* PROBLEM TO WORK ON
Print exactly and only the lines that run from the one containing "A pathway leading" through the end of the material, please, omitting pictures.
::::::::
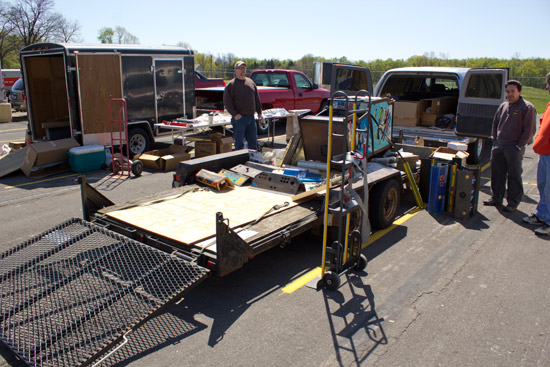 Outside in Saturday's sunshine, Homer and Carlos had more pinball and video game parts
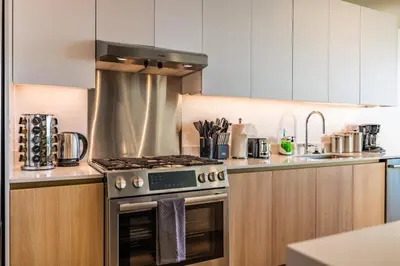 a kitchen with a stove top oven next to a sink at Marbella Lane - Luxurious 3BR Penthouse in Long Beach
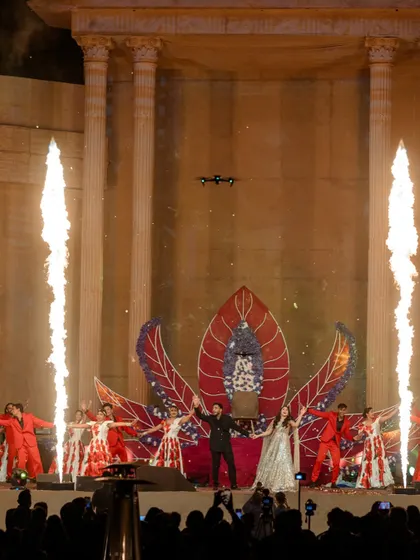 A high-energy performance on the 50-foot tall grand stage, complete with dancers, pyrotechnics, and a dramatic floral-inspired backdrop. This stage was the epicenter of the evening's entertainment.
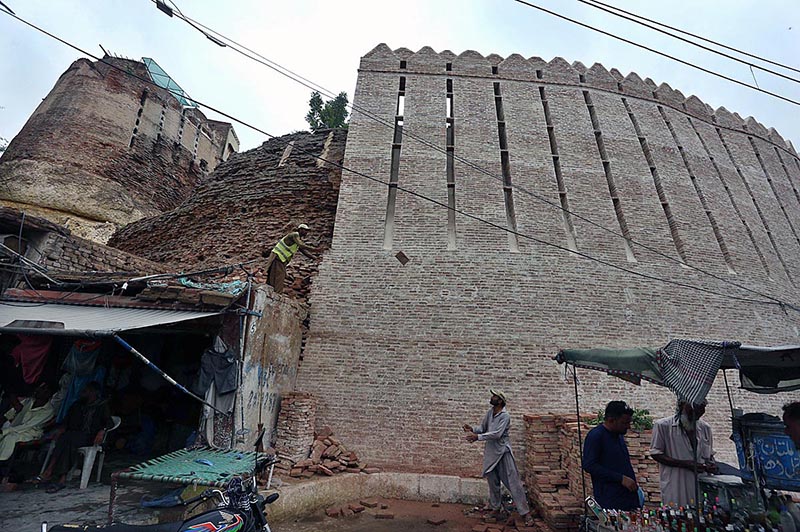 A labour busy in construction work of Pakka Fort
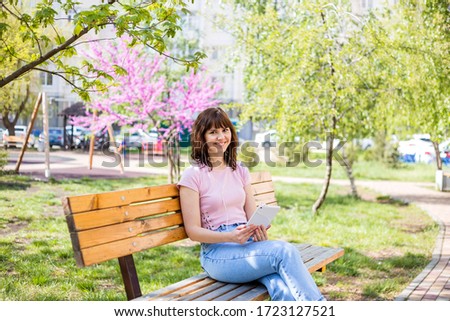 A young girl sits on a bench in the Park and looks at a tablet. Distance learning in quarantine.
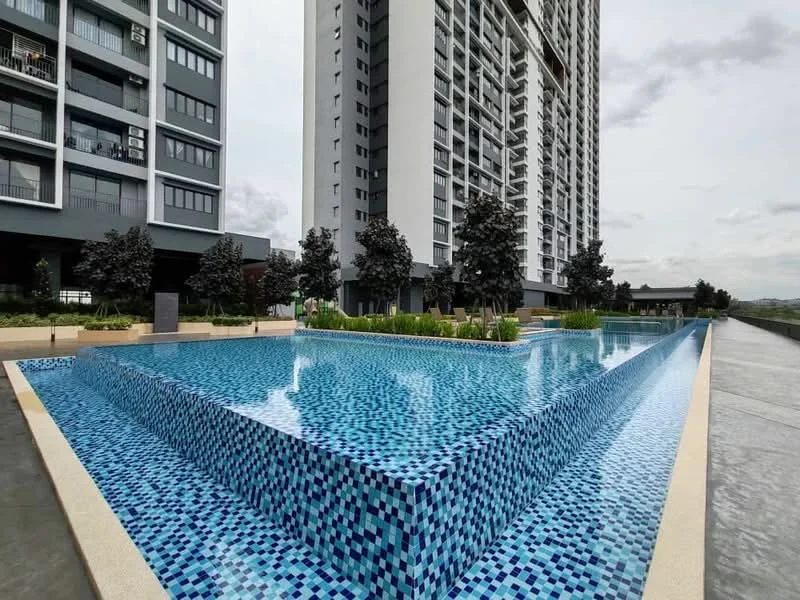 Exterior type: high-rise condominium; features: infinity pool, pool deck with loungers, tiled pool surface with blue mosaic, landscaped garden area, surrounding trees, modern architectural design, concrete pathway, glass balcony railings; style: modern.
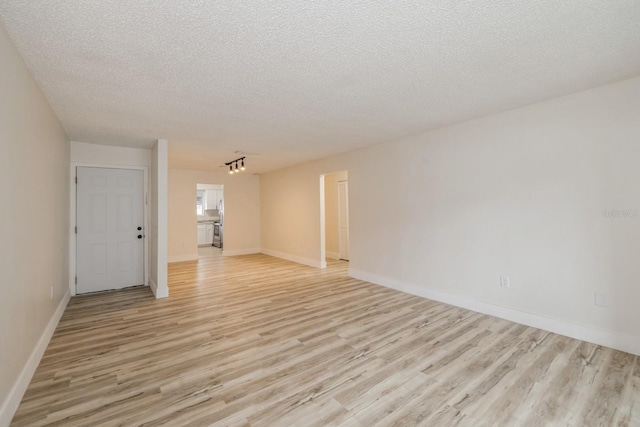 empty room with light hardwood / wood-style floors and a textured ceiling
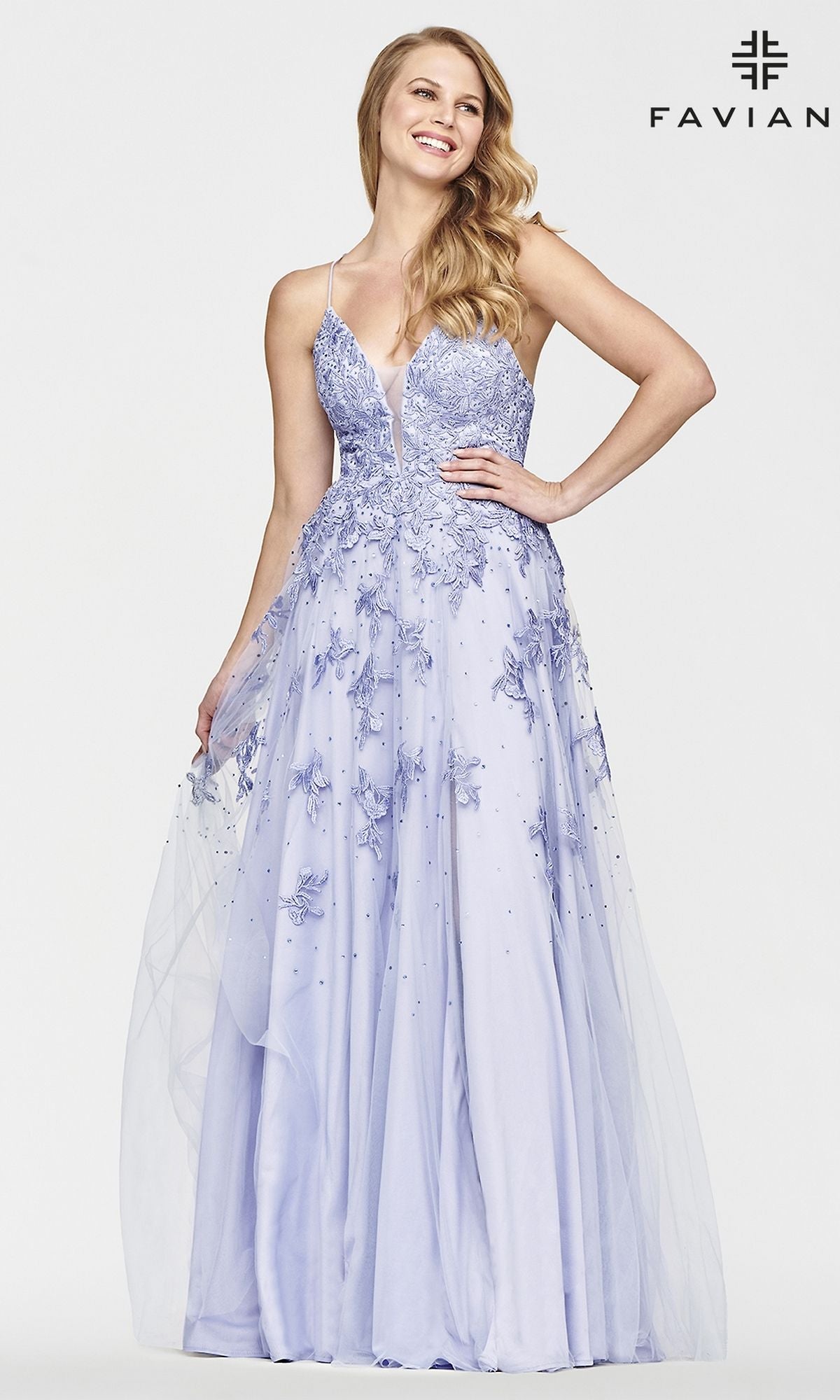 A woman smiles with one hand on her hip, wearing the Faviana Embroidered A-Line Long Prom Dress in lavender. The gown has 3-D embroidered flowers, a sheer overlay, thin straps, and a deep V neckline.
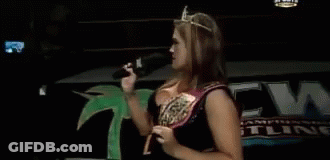 Woman In Tiara Holding Microphone And Pointing GIF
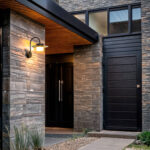 Applique murale extérieure noire en aluminium, bras courbé, lumière dirigée vers le bas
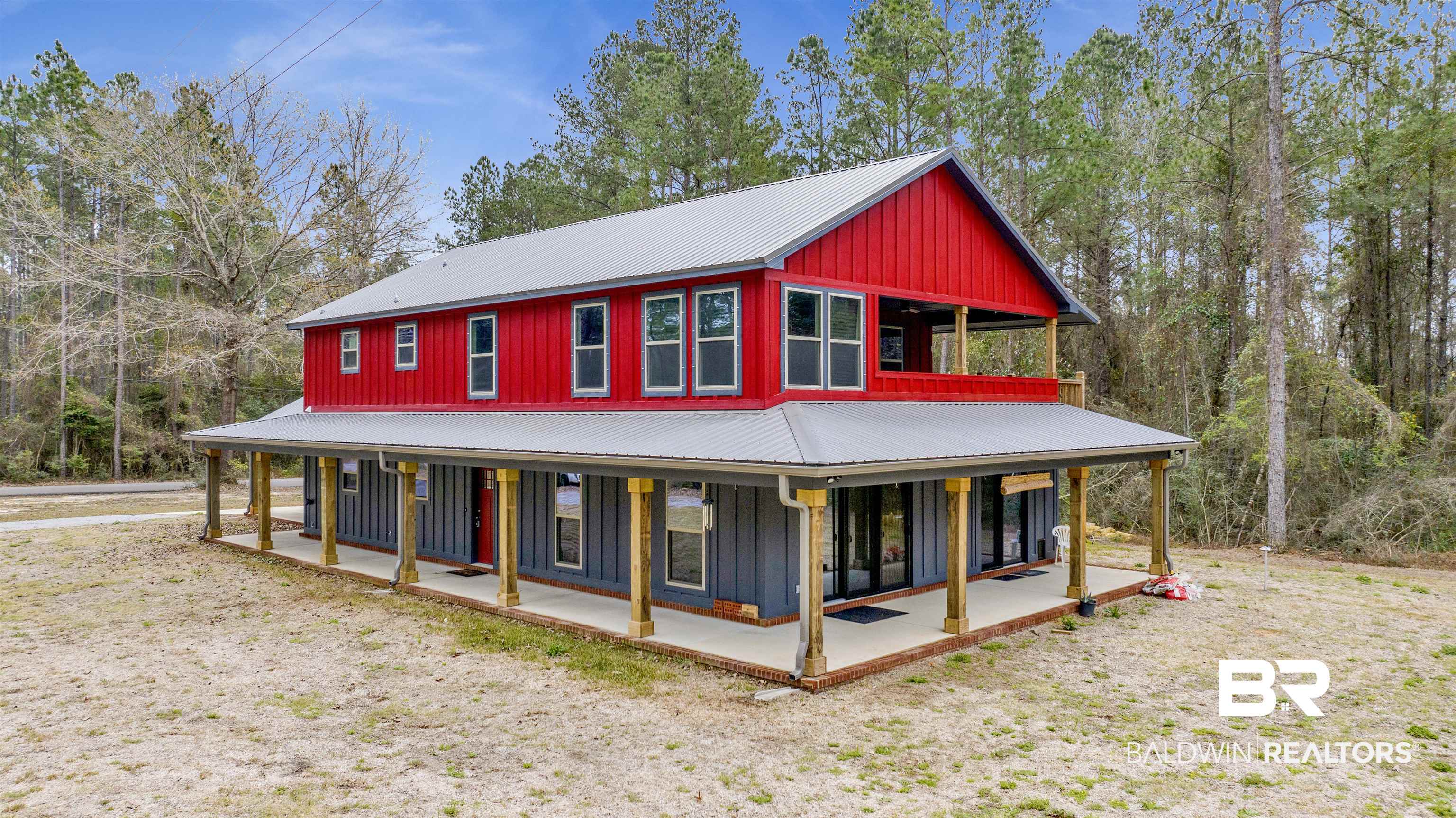 36397 Alexandria Trail Stapleton, AL 36578 - Photo 14 of 65 Exterior space with a metal roof, covered porch, and board and batten siding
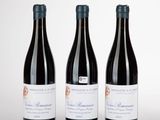 trois bouteilles de vin posées sur une table blanche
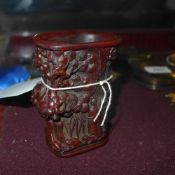 A simulated horn libation style cup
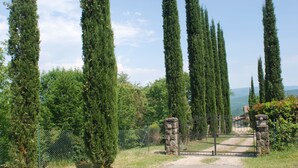 A pathway leading to a gated area with tall cypress trees and a stone structure. - Casa Fantone. Villa with private pool and large fenced park for absolute privacy (Poppi)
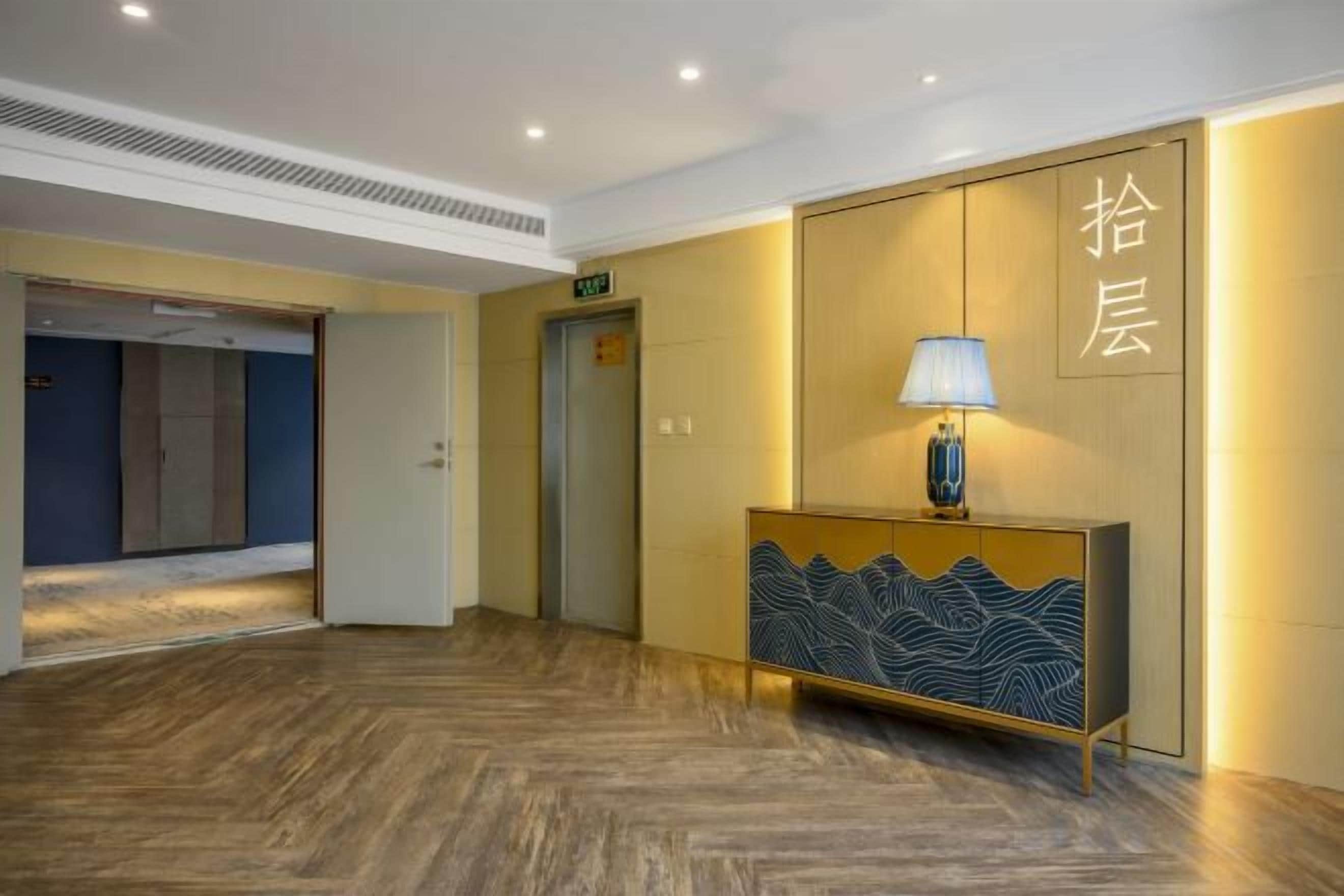 Un vestíbulo de hotel con un mostrador de recepción, un ascensor y un piso de madera.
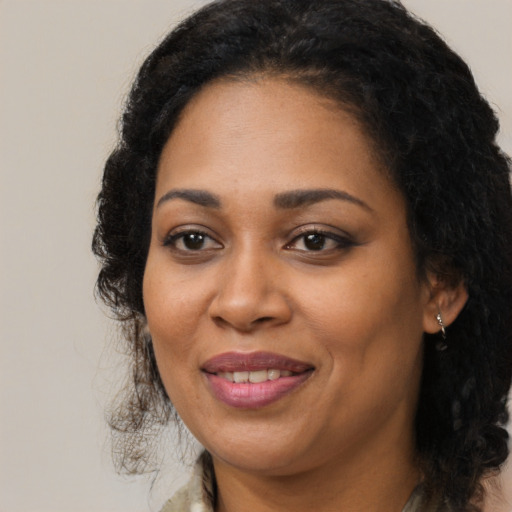 Joyful black adult female with long  brown hair and brown eyes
::::::::
* RESULT OF THE TASK
 A pathway leading to a gated area with tall cypress trees and a stone structure. - Casa Fantone. Villa with private pool and large fenced park for absolute privacy (Poppi)
 Un vestíbulo de hotel con un mostrador de recepción, un ascensor y un piso de madera.
 Joyful black adult female with long  brown hair and brown eyes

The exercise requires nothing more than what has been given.